Michael Murphy has obtained permission from the Court of Appeal to appeal against a decision of the Secretary of State for the Home Department to certify a child’s human rights application. The child had made a human rights application when they were five years old, at which point the child did not meet paragraph 276ADE(1)(iv) of the Immigration Rules, in that at the date of application, he was not in the U.K for seven years. However, by the time that the child came before the Immigration Judge, he had been in the U.K for over seven years. His appeal was dismissed.
The Secretary of State for the Home Department did not remove the child or his family after the appeal, and the family therefore made a further human rights application. By this stage, the child did meet 276ADE(1)(iv). Permission for Judicial Review was refused by the Upper Tier Tribunal, both on the papers and indeed after hearing oral argument. However, the Court of Appeal have granted leave on the point.

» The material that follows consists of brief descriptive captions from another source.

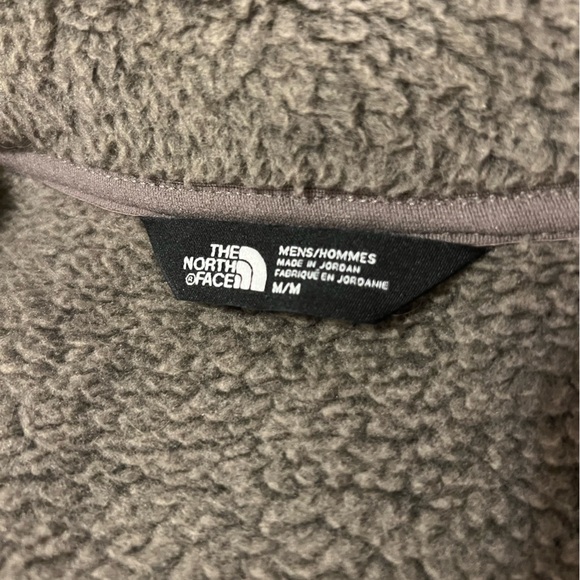 North Face vest - Picture 4 of 4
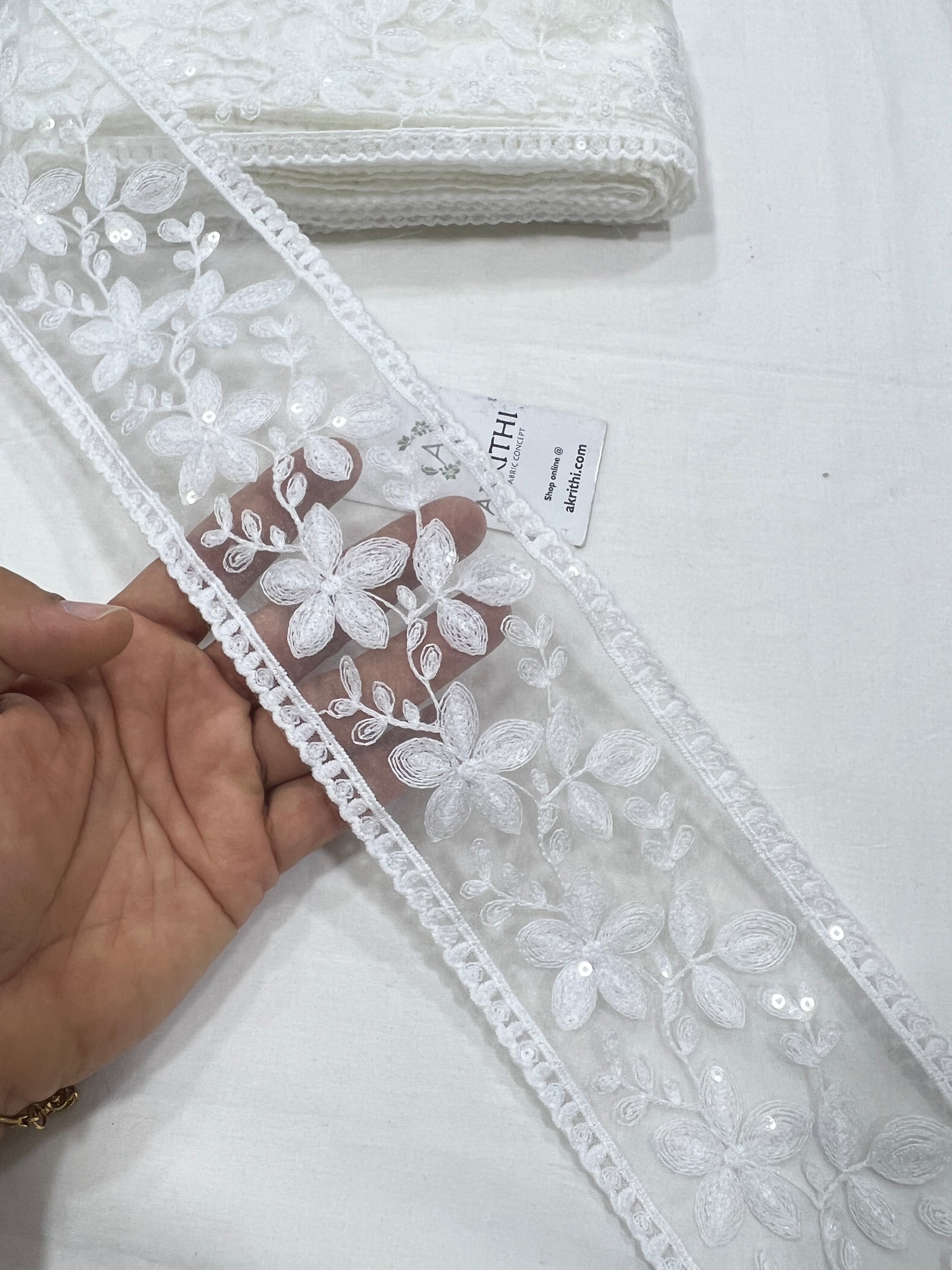 Lace per yard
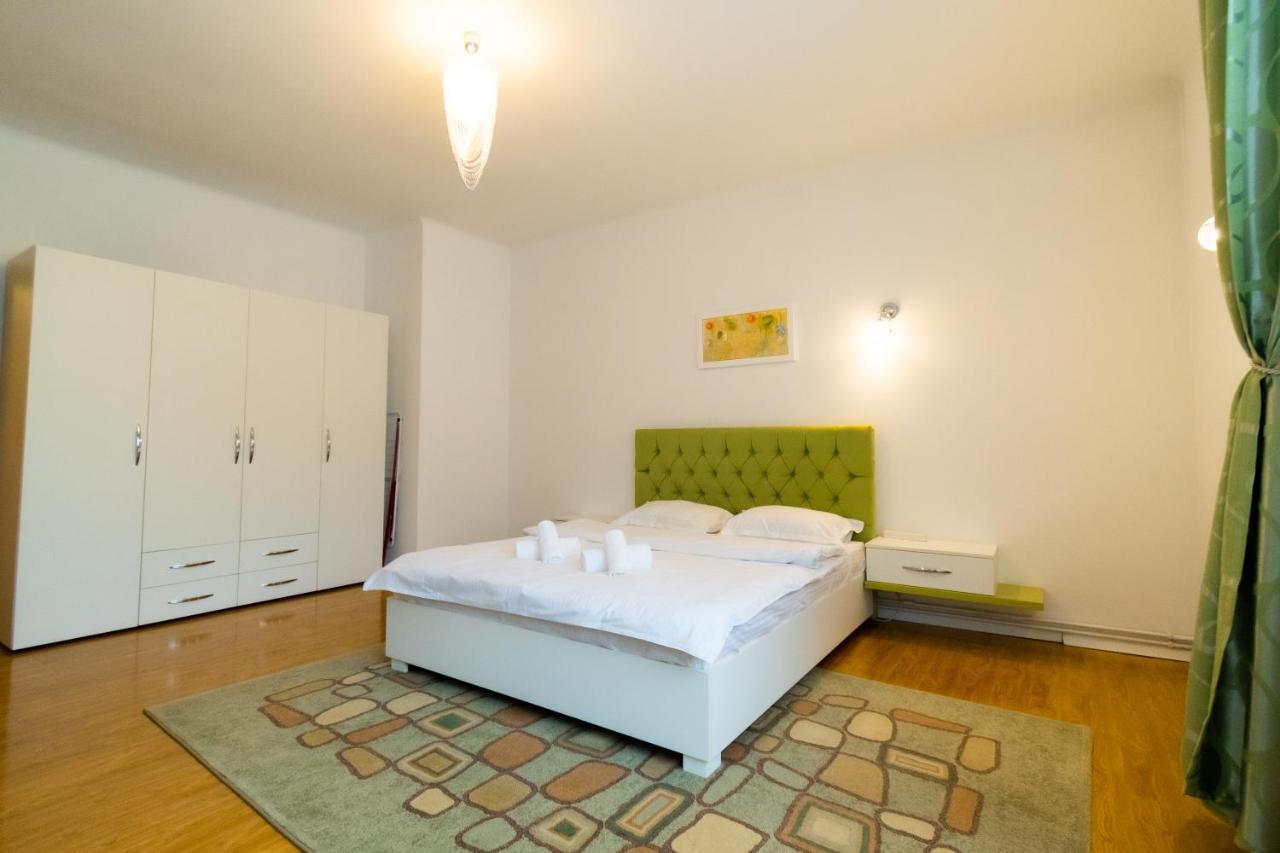 Ardor Apt - Bright And Secluded Apartment In The Heart Of Old Town Braşov Exterior foto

The issue in the matter is whether the Secretary of State for the Home Department erred in certifying the child’s case. Case law and indeed the Secretary of State for the Home Department’s own guidance, indicate that the passage of time is a relevant factor for a court to consider. In addition, case law suggests that “significant weight” should be given to the fact that a child meets 276ADE(1)(iv). Of course, in addition to the above, the parents could arguably also argue that in relation to 117(B)(6), that they had a parental relationship with a qualifying child.